Assignment
Would you repeat each line below exactly, without the pictures?

Records from a collection
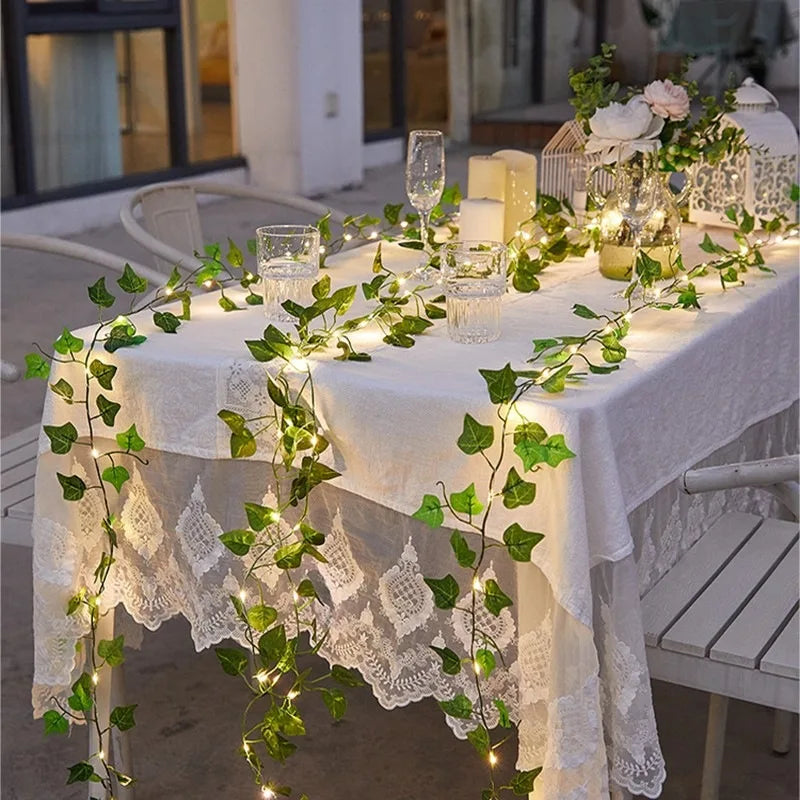 2M Artificial Ivy Vine Leaf String Fairy Lights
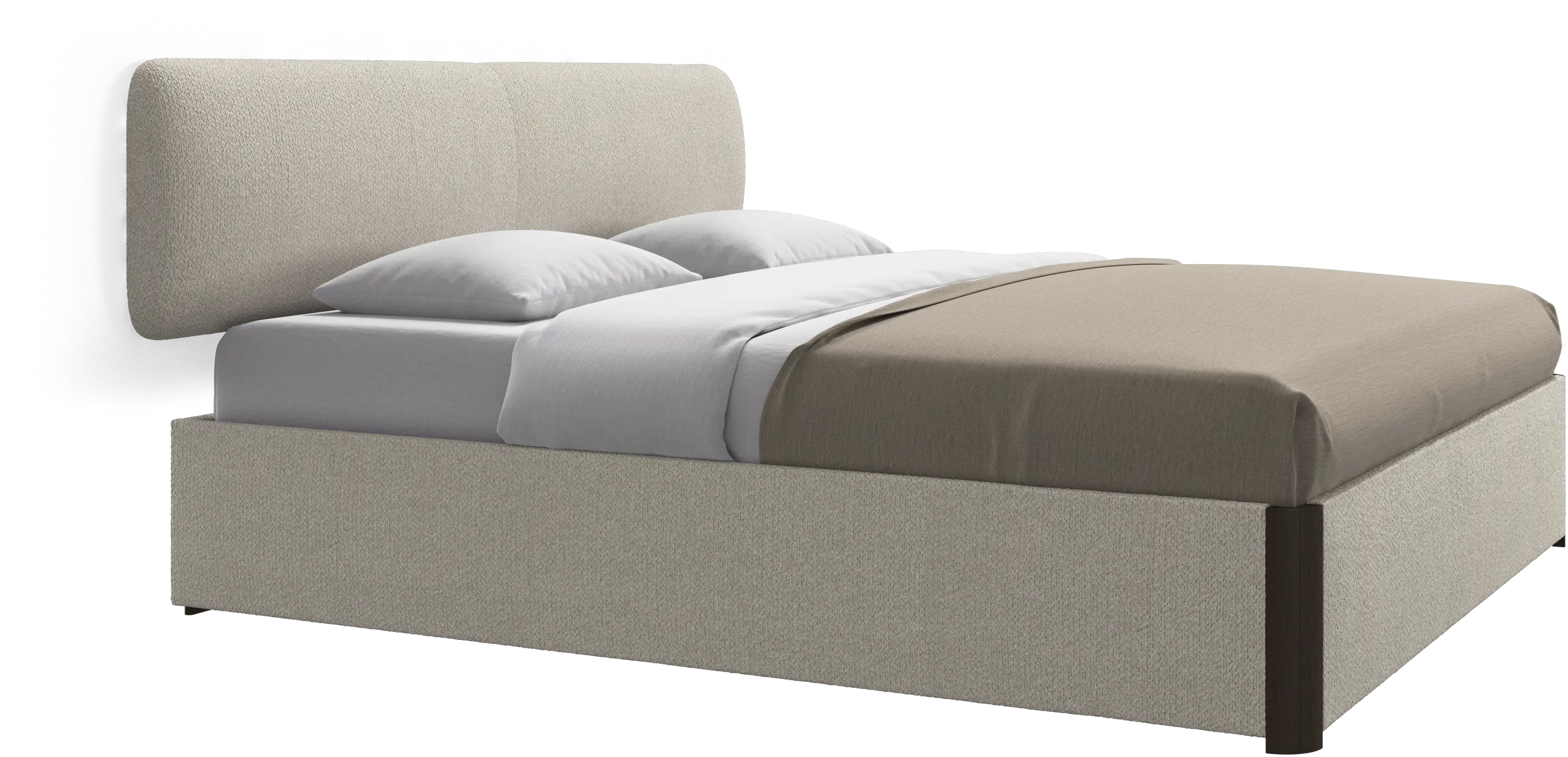 Element bed, wall-mounted headboard, with slats and storage solution, excl. mattress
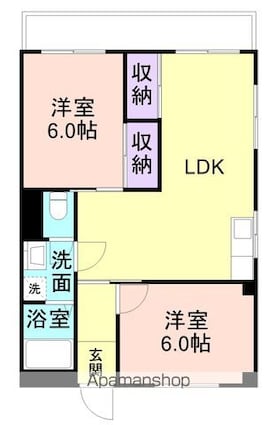 末吉ビル黒田[2LDK/57m2]の間取図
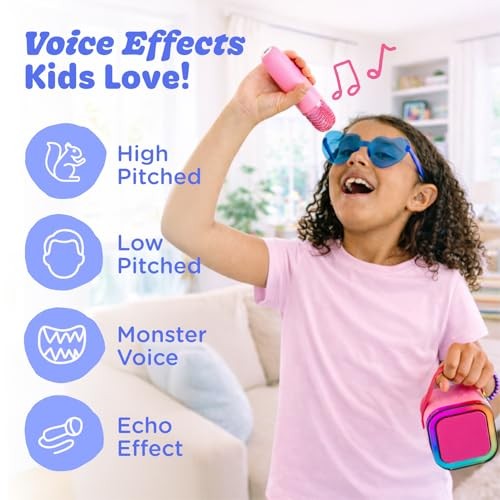 , Karaoke Machine for Kids | Includes 20+ Kid Songs | 2 Cotton Candy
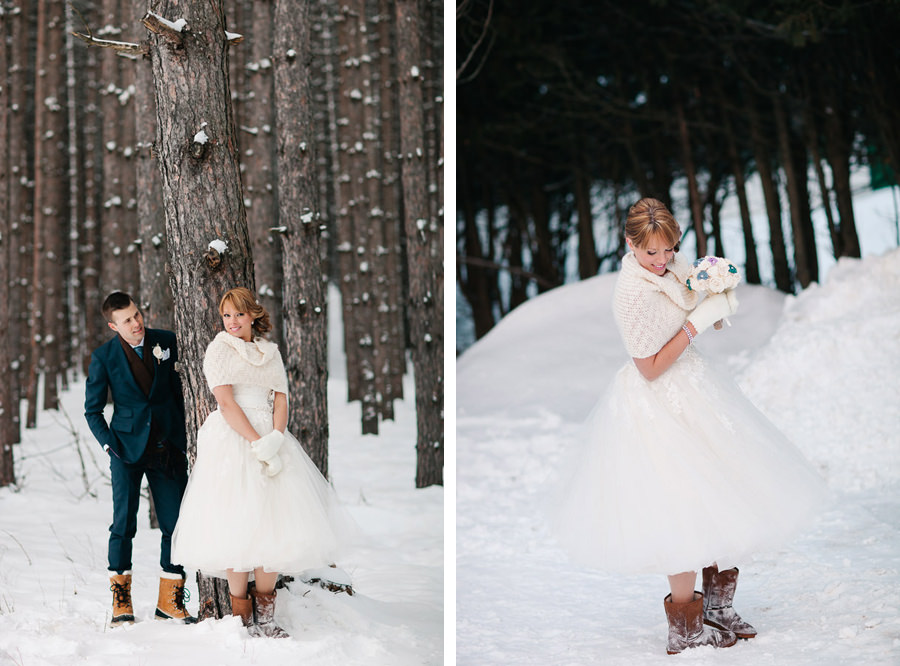 Mont-Tremblant Snow Winter Wedding Photographer Montreal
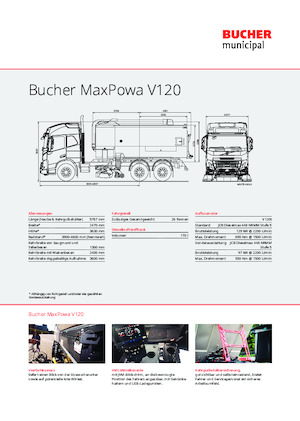 Kettős működésű seprőgépkocsik Bucher-Schörling MaxPowa V120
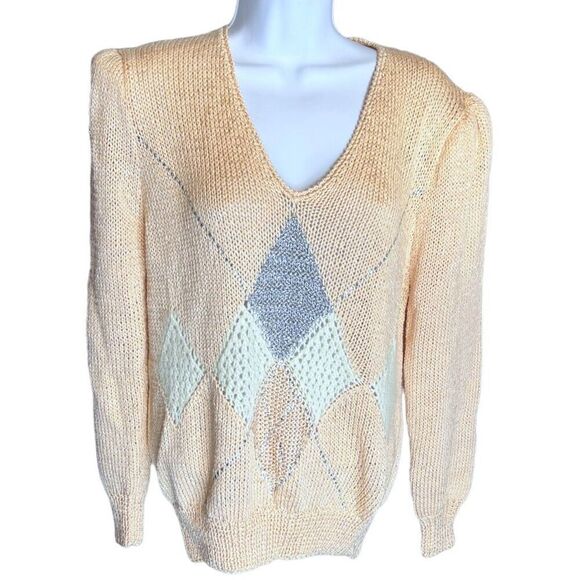 Vtg Nannell Women’s Hand Knit Sweater wool & Angora Rabbit Hair Peach Color M - Picture 2 of 12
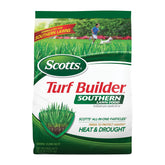 Scotts Turf Builder Southern Lawn Food bottle promoting deeper roots for heat resilience.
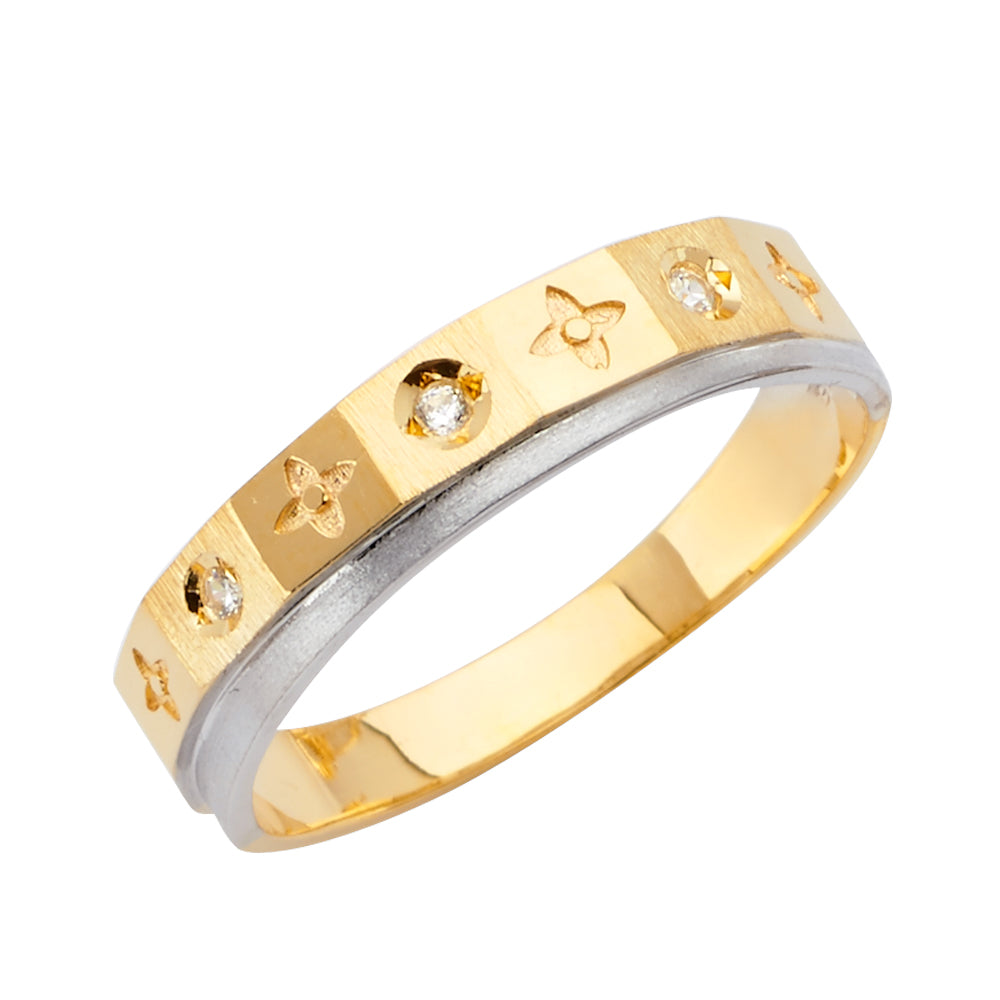 14K Two Tone Gold CZ Mens Wedding Band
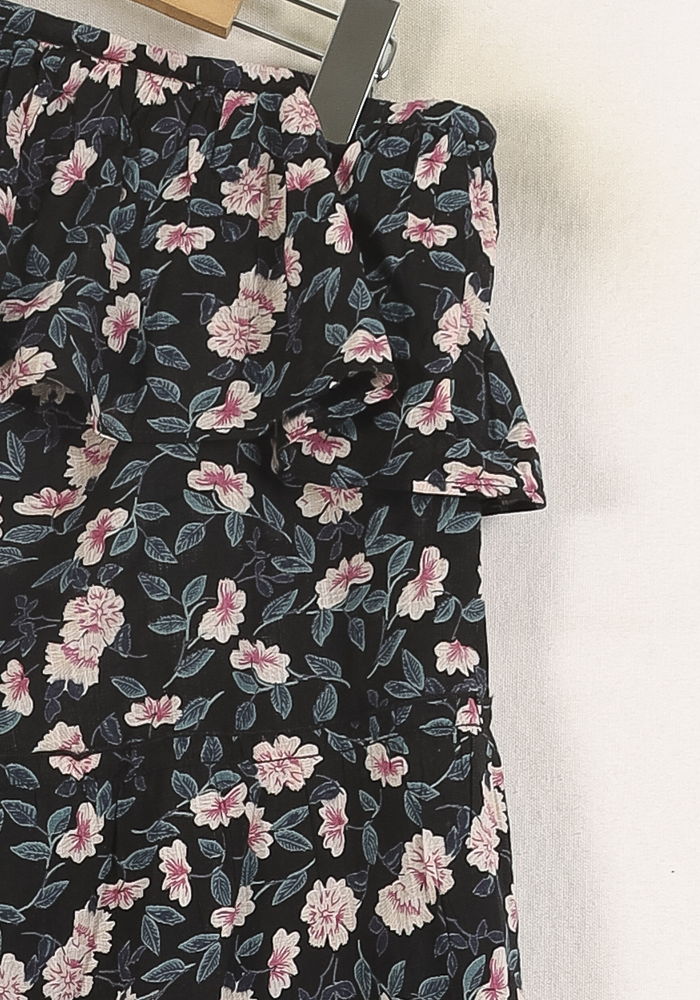 Robe Longue Fleurie Noire et Rose - Taille M/38 de la marque Petite Mendigote | PARAD71447 - Vendu par Paradigme - Image 3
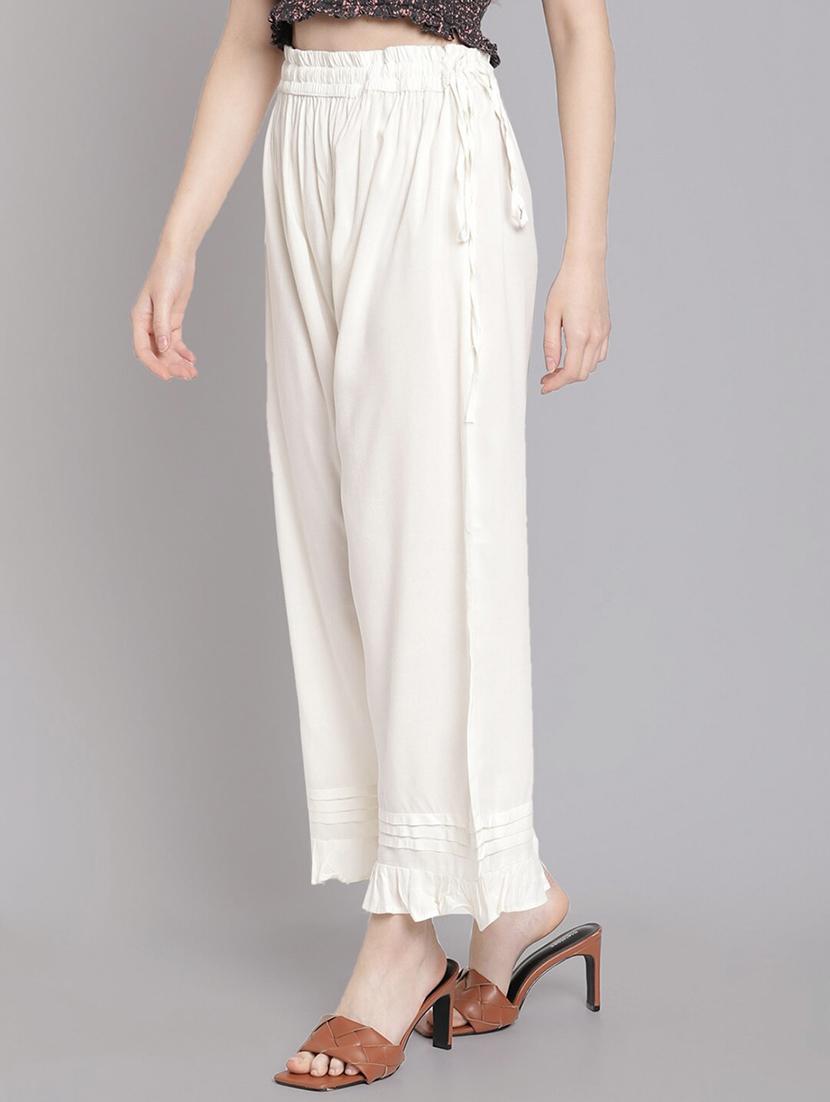 women solid high rise straight palazzo - 21966993 - Standard Image - 1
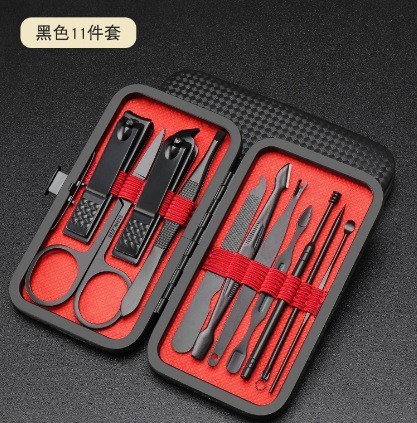 草席纹黑色套装 修甲套装 指甲套装 修脚套装去死皮详情5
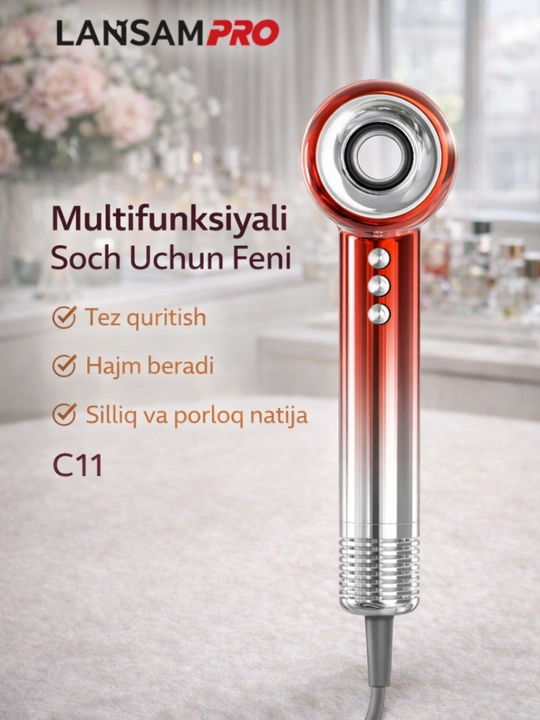 Professional Hair Dryer c11, tez qurituvchi fen, qizil rang -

Result of the exercise
 2M Artificial Ivy Vine Leaf String Fairy Lights
 Element bed, wall-mounted headboard, with slats and storage solution, excl. mattress
 末吉ビル黒田[2LDK/57m2]の間取図
 , Karaoke Machine for Kids | Includes 20+ Kid Songs | 2 Cotton Candy
 Mont-Tremblant Snow Winter Wedding Photographer Montreal
 Kettős működésű seprőgépkocsik Bucher-Schörling MaxPowa V120
 Vtg Nannell Women’s Hand Knit Sweater wool & Angora Rabbit Hair Peach Color M - Picture 2 of 12
 Scotts Turf Builder Southern Lawn Food bottle promoting deeper roots for heat resilience.
 14K Two Tone Gold CZ Mens Wedding Band
 Robe Longue Fleurie Noire et Rose - Taille M/38 de la marque Petite Mendigote | PARAD71447 - Vendu par Paradigme - Image 3
 women solid high rise straight palazzo - 21966993 - Standard Image - 1
 草席纹黑色套装 修甲套装 指甲套装 修脚套装去死皮详情5
 Professional Hair Dryer c11, tez qurituvchi fen, qizil rang -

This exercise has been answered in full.